• PROBLEM TO WORK ON
Retype exactly the lines of the listing below from the one with "2016 Infiniti Q50" through the last, both included, and leave every picture out.

• INPUT DATA

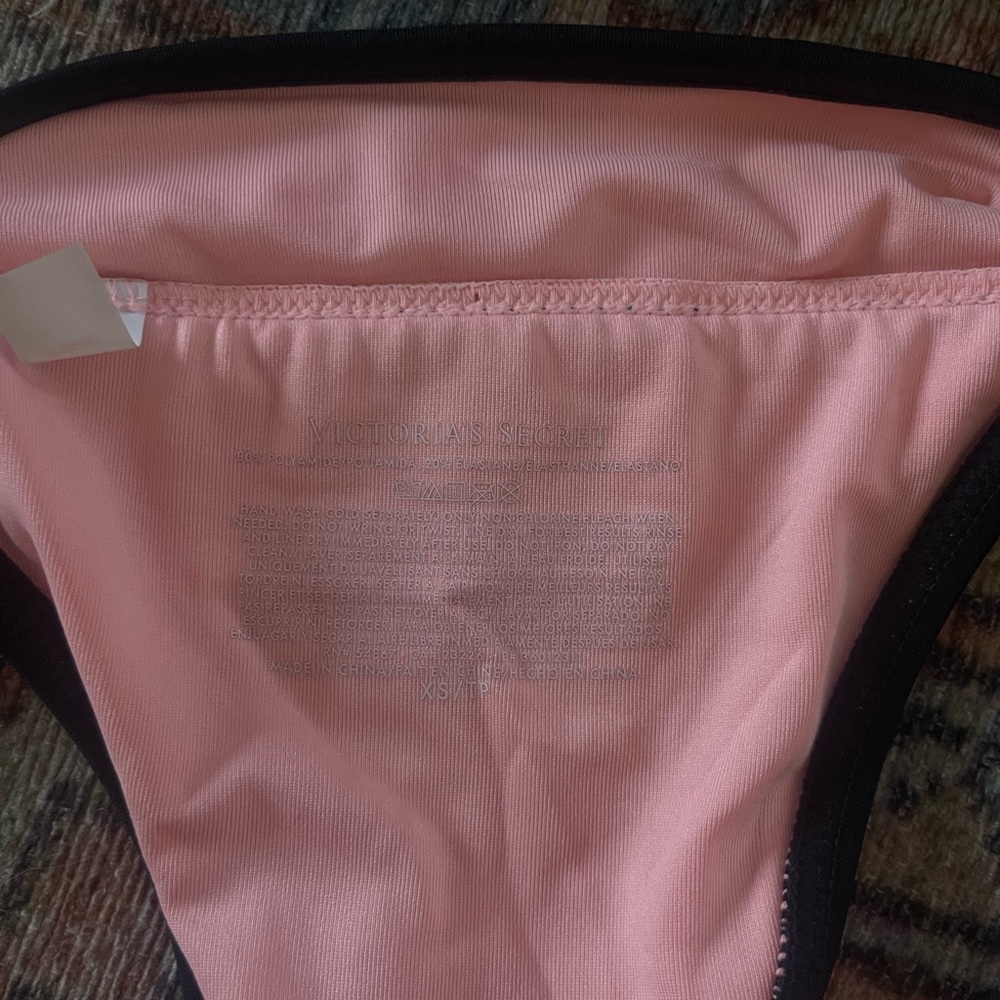 Victorias Secret Swim Bikini Set - Picture 2 of 4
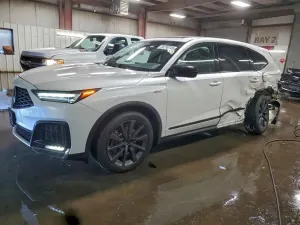 Acura MDX A-SPEC 3.5L 6 2025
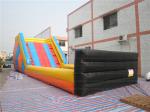 Inflatable Zorb Ramp (CYSL-48)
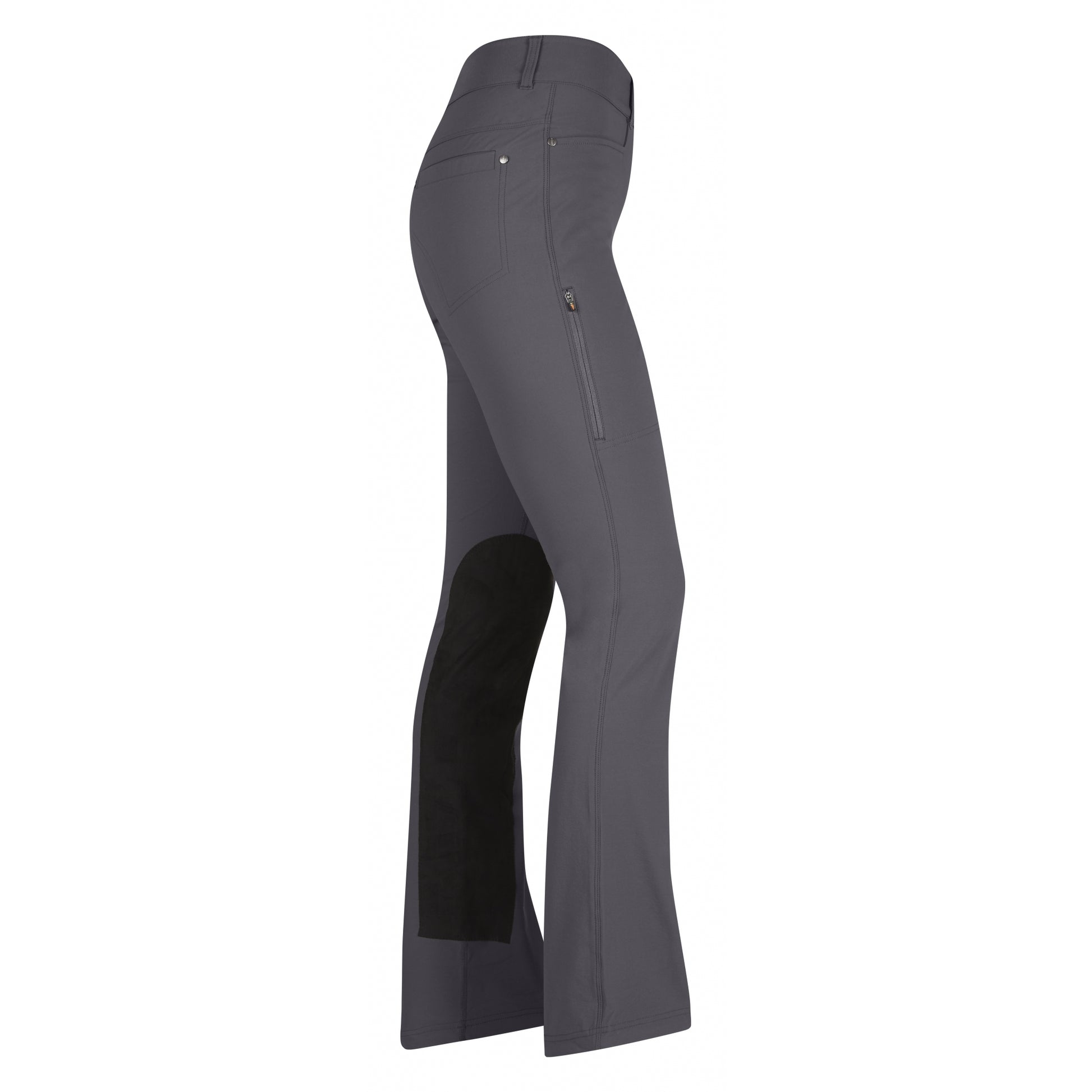 Kerrits Ladies Dynamic Extended Knee Patch Bootcut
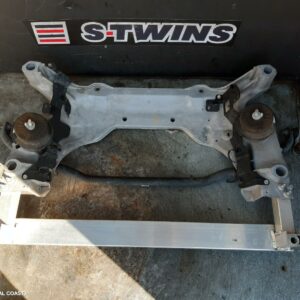 2016 Infiniti Q50 Frt Xmember Cradle V37 02/14-12/19 165442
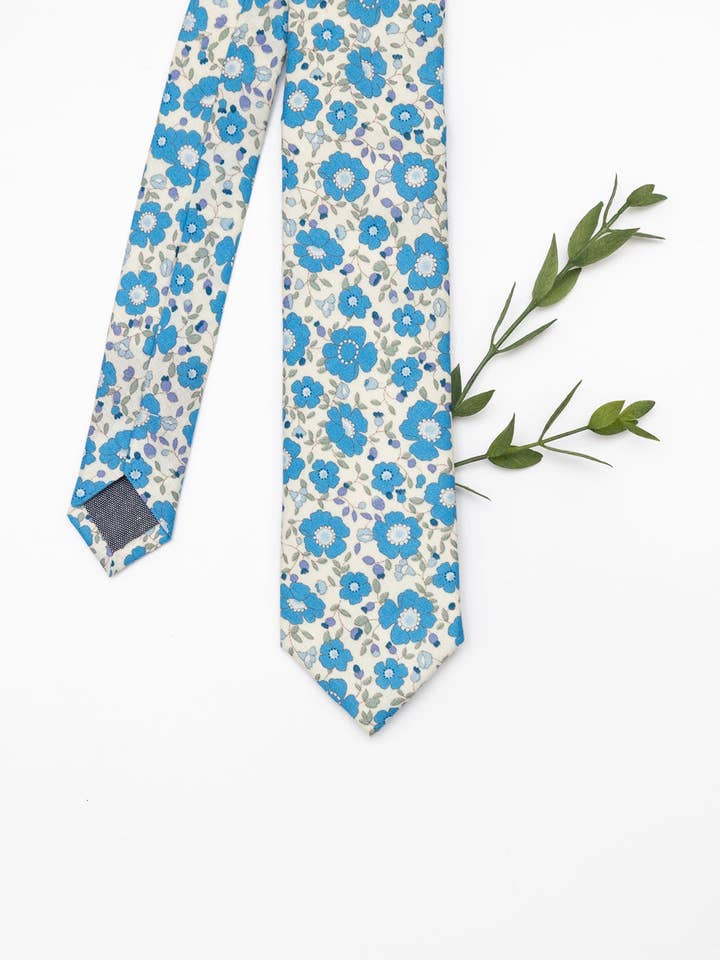 Luke for wholesale by Wild Tie Co.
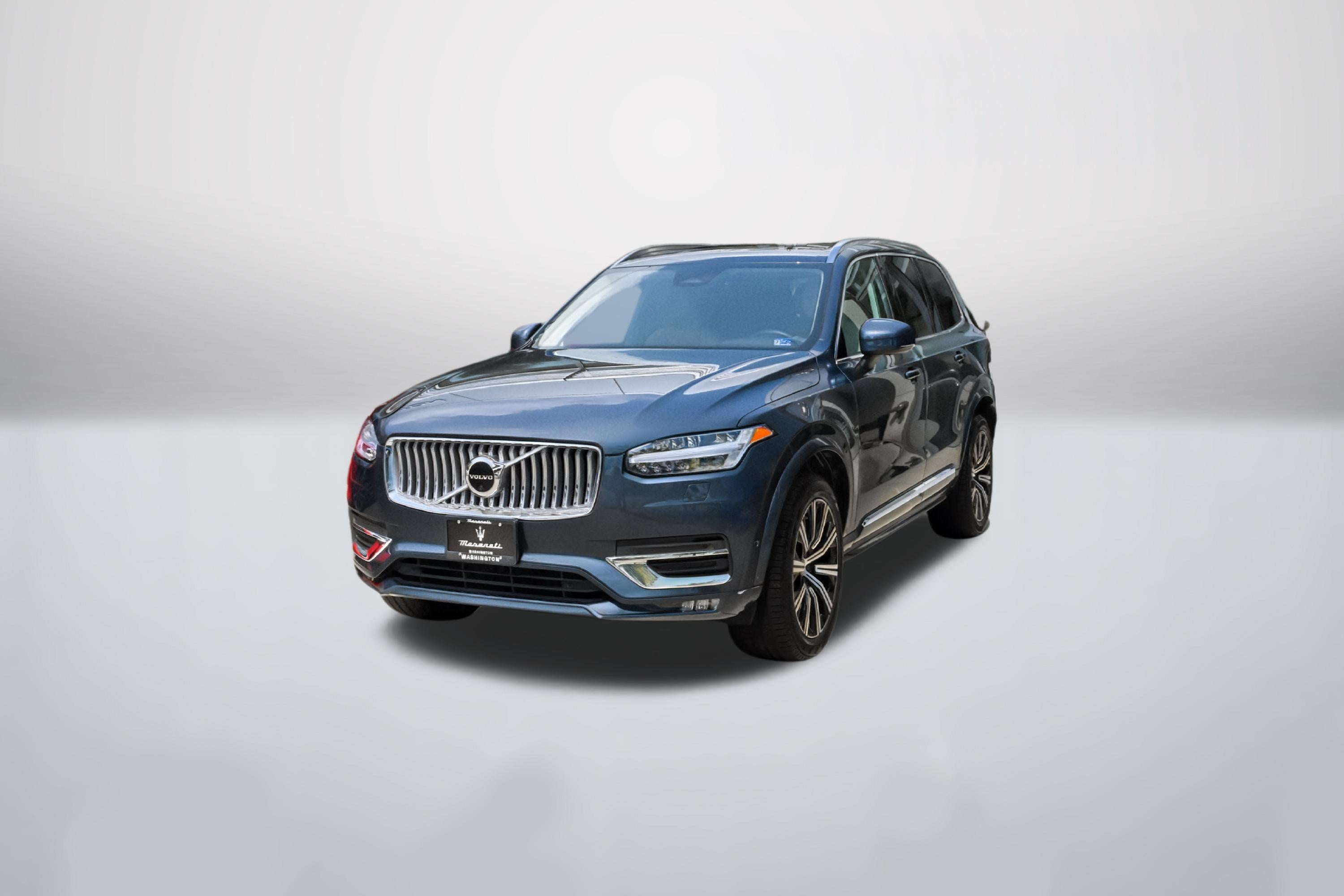 2023 Volvo XC90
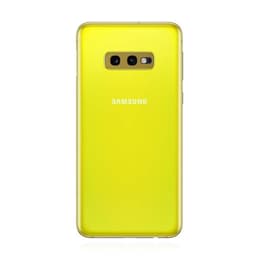 Galaxy S10e 128GB - Gelb - Ohne Vertrag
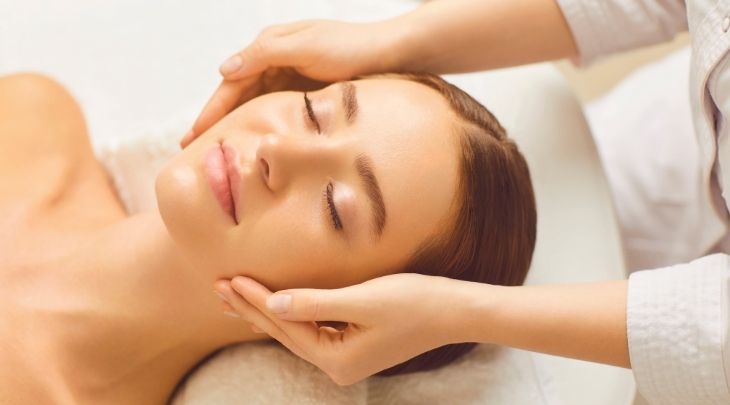 Tham khảo các bài tập massage thịnh hành hiện nay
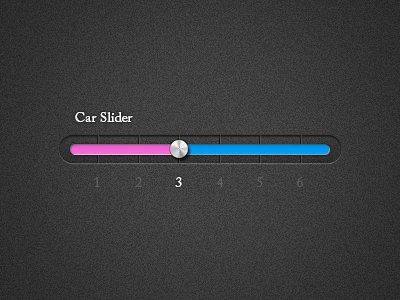 Car_slider-花瓣网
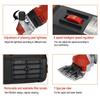 2000W 220V Trimmer Tool Wool Scissor Cut Clipper Shaving Machine With Box Flexible Shaft Electric Sheep Goat Shearing Machine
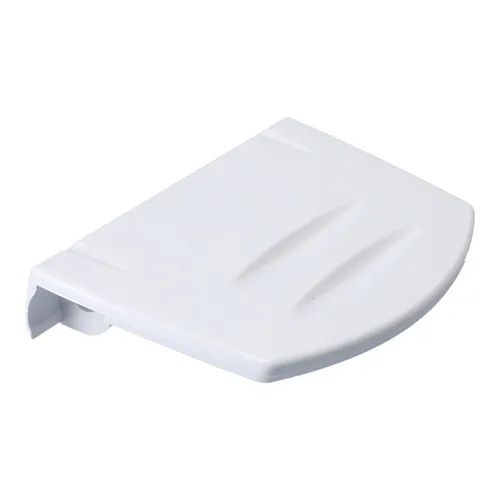 Türgriff  für  beko 4244570100 für Gefrierfach Kühlschrank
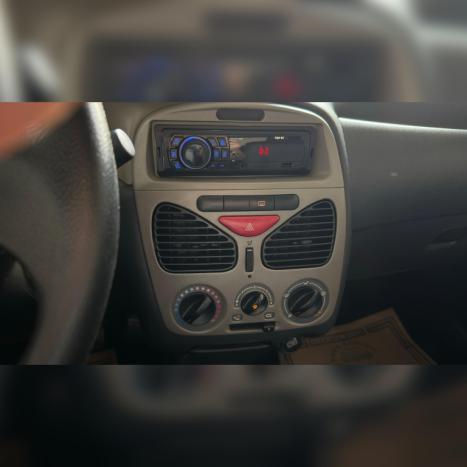 FIAT Siena 1.0 16V 4P FIRE, Foto 9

• ANSWER BOX
 2016 Infiniti Q50 Frt Xmember Cradle V37 02/14-12/19 165442
 Luke for wholesale by Wild Tie Co.
 2023 Volvo XC90
 Galaxy S10e 128GB - Gelb - Ohne Vertrag
 Tham khảo các bài tập massage thịnh hành hiện nay
 Car_slider-花瓣网
 2000W 220V Trimmer Tool Wool Scissor Cut Clipper Shaving Machine With Box Flexible Shaft Electric Sheep Goat Shearing Machine
 Türgriff  für  beko 4244570100 für Gefrierfach Kühlschrank
 FIAT Siena 1.0 16V 4P FIRE, Foto 9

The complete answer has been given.